Писатель не превращает это маленькое сообщество в идиллию. Мало того, что питомцы мистера Жоржа трудятся до изнеможения, чтобы позабавить зрителей в цирке, – это бы еще ничего. Но они все равно подвержены жестоким природным законам – закону взаимопожирания (собака и кот не могут обходиться без мяса), неизбежному неравенству и главному неумолимому хищнику – смерти. От всего этого не уйти и людям. Земному счастью поставлены жесткие границы. Скептическое отношение к мечтам о «невообразимо прекрасной жизни», которая наступит в будущем, Чехова не покидает. Отсюда и налет грустной иронии в рассказе о собаке Каштанке, отказавшейся от хорошей жизни. Ведь и от людей можно ждать всяких непредвиденных поворотов: вдруг им покажется, что приятнее и спокойнее жить под палкой, чем без нее, или, как кошке Королевская Аналостанка (из рассказа Сетона‑Томпсона), что лучше рыскать по помойкам, чем вести упорядоченную жизнь, или просто им, как всегда, будет казаться, что «настоящее уныло», а все хорошее осталось в прошлом и надо к нему вернуться. Об этом – в записных книжках Чехова: «Мы хлопочем, чтобы изменить жизнь, чтобы потомки были счастливы, а потомки скажут по обыкновению: прежде лучше было, теперешняя жизнь хуже прежней» (С., 17, 102). Писателю, глубоко познавшему человеческую натуру, трудно было надеяться на прекрасный апофеоз истории в обозримом будущем. Разве только через тысячелетия, когда человек, облагороженный культурой, познает «истину настоящего Бога» (из письма Чехова С. Дягилеву) (П., 11,106).

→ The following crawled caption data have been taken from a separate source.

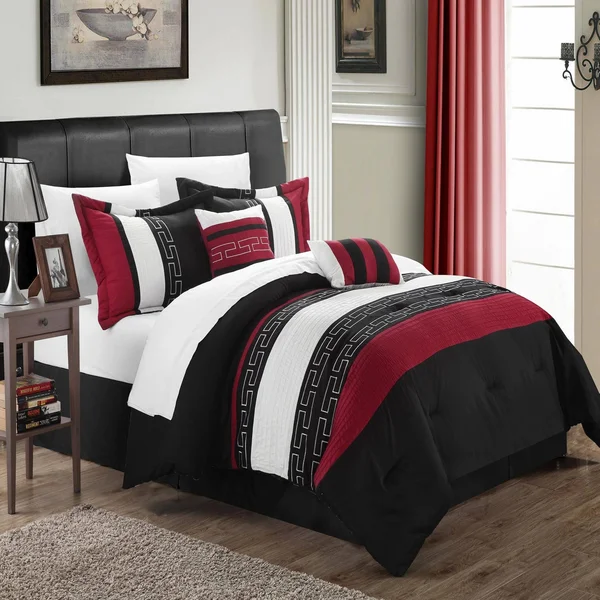 Chic Home Carlton Black - Burgundy & White Queen 10 Piece Comforter Bed in A Bag Set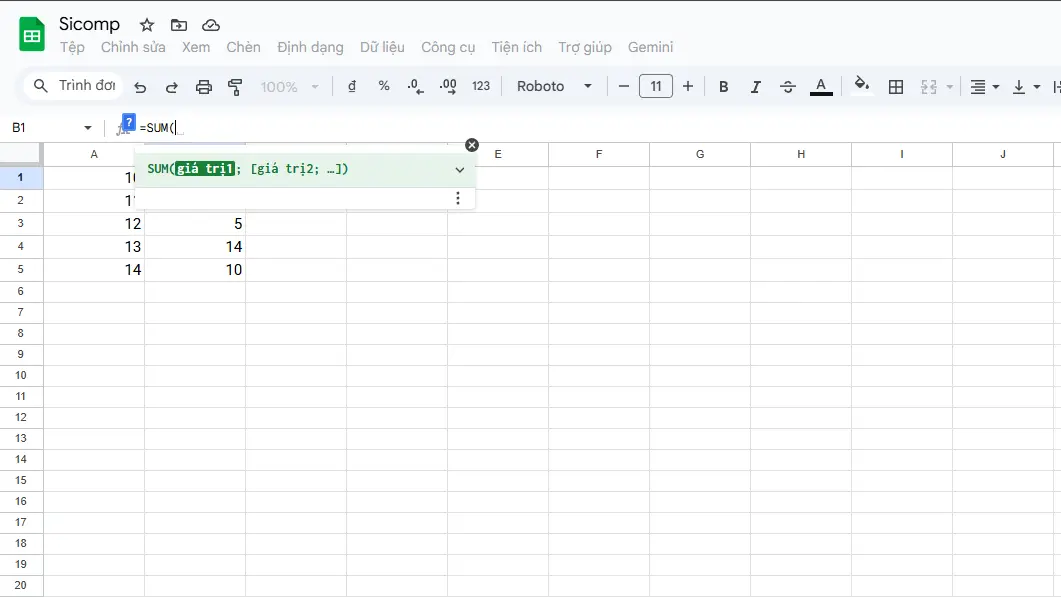 Google Sheet Excel Thiết lập các hàm tính toán cơ bản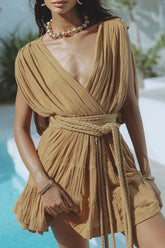 Sexy Daily Lace Up Backless V Neck Sleeveless Dresses(4 Colors)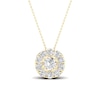 Thumbnail Image 1 of 9ct Yellow Gold 0.25ct Halo Diamond Pendant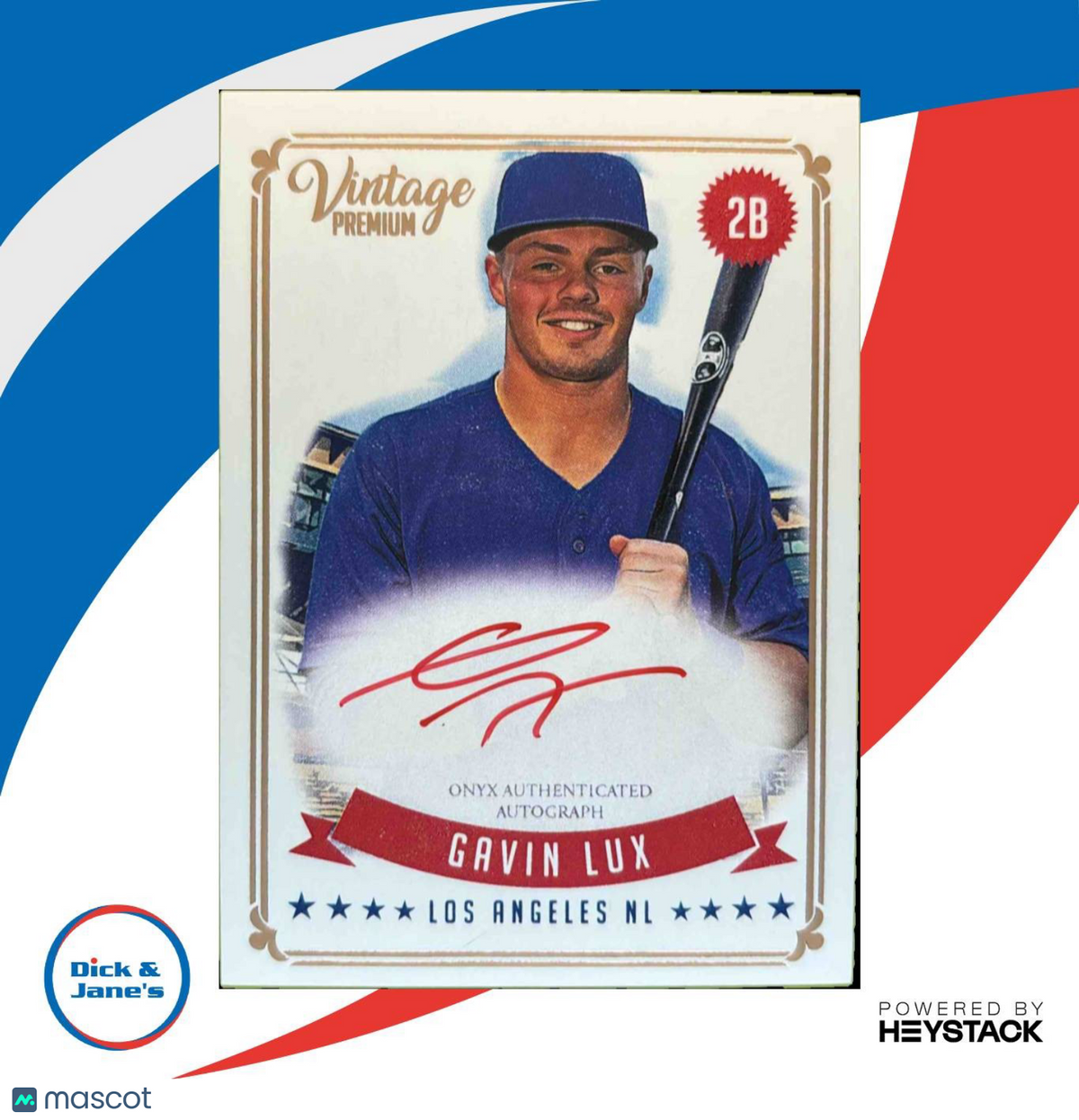 2020 Onyx Vintage Premium Gavin Lux Auto Red Ink 4/10 RC Los Angeles Dodgers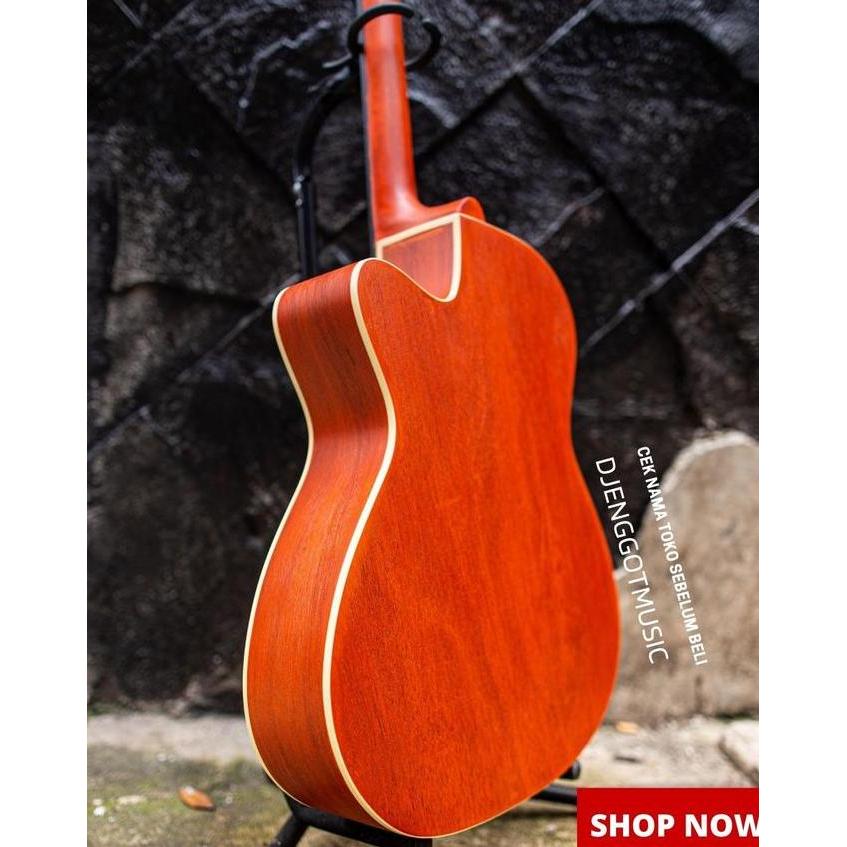 Halmusic- Gitar Akustik Mandalika S-01 Natural Gratis Tas Dan Senar Cadangan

И все же… Все же Чехов прозорливо видел упорное, неодолимое стремление людей «доплыть до настоящей правды», видел в этом стремлении залог того, что и в недалеком будущем возможно приближение – пусть не к идеальному, но к оптимальному варианту разумного мироустройства, при котором стихают злые страсти, вражда, зависть, насилие.
Такой вариант возможен – посмотрите хотя бы на зверей мистера Жоржа.
Здесь согласимся с Н.Я. Берковским: «По‑пушкински, по‑толстовски Чехов стоит за простую мирную жизнь, полную деятельности, не отравленную преступлениями <…> На параллелях к "Дуэли" и "Каштанке" написан рассказ «Белолобый» (1895): волчиха ночью крадет из сарая, как она думает, ягненка, но оказывается, то был веселый щенок, вместо убийства получаются милые игры волчат со щенком, позволяющие им забыть на время голод. Волчиха, старая, больная, делает попытку съесть щенка и не может. Волчий рассказ со счастливым концом, без крови, как раз тот, какой и хочется рассказать Чехову»[65].